Die Entscheidungsmatrix: Dauer, Distanz und Autarkie
Die drei Achsen greifen ineinander. Dauer bestimmt, wie viel Flüssigkeit und Verpflegung überhaupt zusammenkommt. Distanz ist der gröbere Zwilling der Dauer — auf technischem Terrain sagt sie weniger aus als die reine Zeit. Und Autarkie ist die oft übersehene dritte Grösse: Wie weit ist die nächste Quelle, gibt es Verpflegungsposten, und schreibt der Veranstalter Pflichtmaterial vor? Ein 20-Kilometer-Lauf mit Brunnen alle paar Kilometer verlangt weniger als ein einsamer 15-Kilometer-Grat ohne Wasser.
| Dauer unterwegs | Distanz (grob) | Trinkvolumen | Empfohlenes System |
|---|---|---|---|
| bis 1 h | bis ~10 km | 250–500 ml | Trinkgürtel oder Handflasche |
| 1–3 h | ~10–25 km | 500 ml – 2 l | Laufweste (Softflasks vorn) |
| über 3 h / autark | über ~25 km | 1,5–2 l + Reserve | Weste oder Rucksack mit Blase |
Ab welcher Distanz braucht man einen Trinkrucksack?
Die häufigste Frage hat die unbefriedigendste Antwort: Es ist nicht die Distanz, die entscheidet, sondern die Zeit unter Belastung, die Hitze und der Abstand zur nächsten Wasserstelle. Zehn flache Kilometer an einem kühlen Morgen mit Brunnen unterwegs lassen sich problemlos mit einer Handflasche laufen. Dieselben zehn Kilometer am Berg, bei dreissig Grad und ohne Quelle, sprechen klar für eine Weste. Als Orientierung braucht die grosse Mehrheit spätestens ab zwei bis drei Stunden Laufzeit ein westenartiges System — nicht wegen des Wassers allein, sondern weil Verpflegung, Windjacke und Pflichtmaterial dazukommen.
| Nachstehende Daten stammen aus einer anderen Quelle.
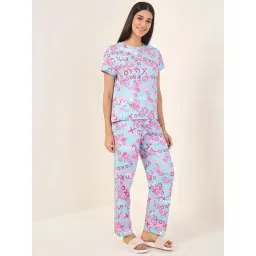 Sweet Dreams Turquoise Green Polyester Geometric Pyjama Set-image-38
Wer die Verpflegung unterwegs mitträgt, sollte den Magen darauf vorbereiten; wie man den Darm auf 90 g Kohlenhydrate pro Stunde trainiert, haben wir gesondert beschrieben.
Plane rückwärts von der Wasserstelle, nicht von der Kilometerzahl. Schau dir vor einem langen Trail auf der Karte an, wo Brunnen, Hütten oder Verpflegungsposten liegen. Die entscheidende Frage ist nicht "Wie lang ist die Strecke?", sondern "Wie viele Stunden muss ich zwischen zwei Nachfüll-Gelegenheiten überbrücken?". Danach richtet sich das Volumen — und damit das System.
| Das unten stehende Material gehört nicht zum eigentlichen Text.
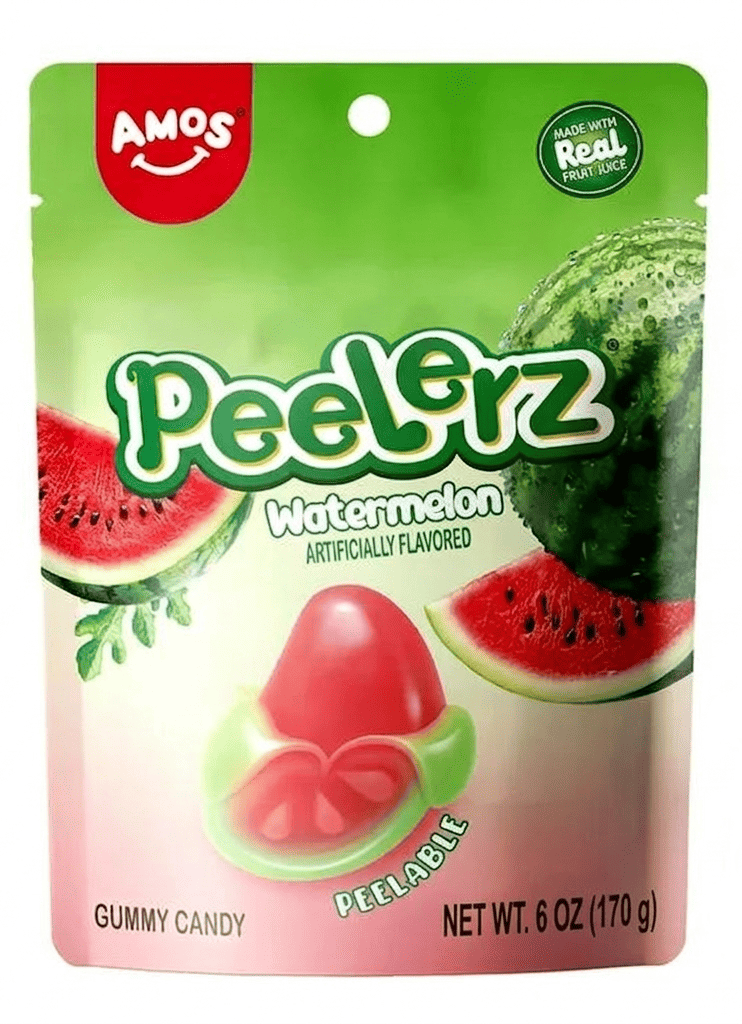 Конфеты желейные Amos Peelerz Peelable Watermelon Gummy Candy 170 г (2964373936)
Wie viel Volumen für lange Trails? Was der Körper pro Stunde braucht
Der Flüssigkeitsbedarf schwankt stark, doch es gibt eine brauchbare Spanne. Sportwissenschaftliche Empfehlungen zum Flüssigkeitsersatz gehen davon aus, dass die Schweissverluste beim Ausdauersport je nach Tempo, Hitze und Körpergrösse grob zwischen einem halben und knapp zwei Litern pro Stunde liegen. Als praktikabler Richtwert für die Trinkmenge während des Laufens nennen Fachgesellschaften häufig eine Grössenordnung von 0,4 bis 0,8 Litern pro Stunde — bei grosser Hitze auch mehr. Für zwei bis drei Stunden ohne Nachfüllen landet man damit bei rund 1 bis 1,5 Litern, die man mitführen sollte.
Der Reflex, im Zweifel einfach mehr einzupacken, führt aber in die Irre. Jeder zusätzliche Liter wiegt ein Kilogramm, das über Stunden auf den Schultern und in den Beinen zehrt. Und mehr trinken ist nicht automatisch sicherer: Wer über den Durst hinaus Wasser in sich hineinschüttet, riskiert eine gefährliche Verdünnung des Blutnatriums. Warum das Zuviel-Trinken beim Laufen zur stillen Gefahr werden kann, ist ein eigenes Kapitel wert. Die vernünftige Leitlinie lautet: so viel Wasser, dass du die Strecke bis zur nächsten Quelle sicher überbrückst, aber nicht mehr — und unterwegs eher nach Durst trinken als nach starrem Zeitplan. Ausreichend Flüssigkeit trägt dazu bei, dass Konzentration und körperliche Leistungsfähigkeit über lange Belastungen erhalten bleiben.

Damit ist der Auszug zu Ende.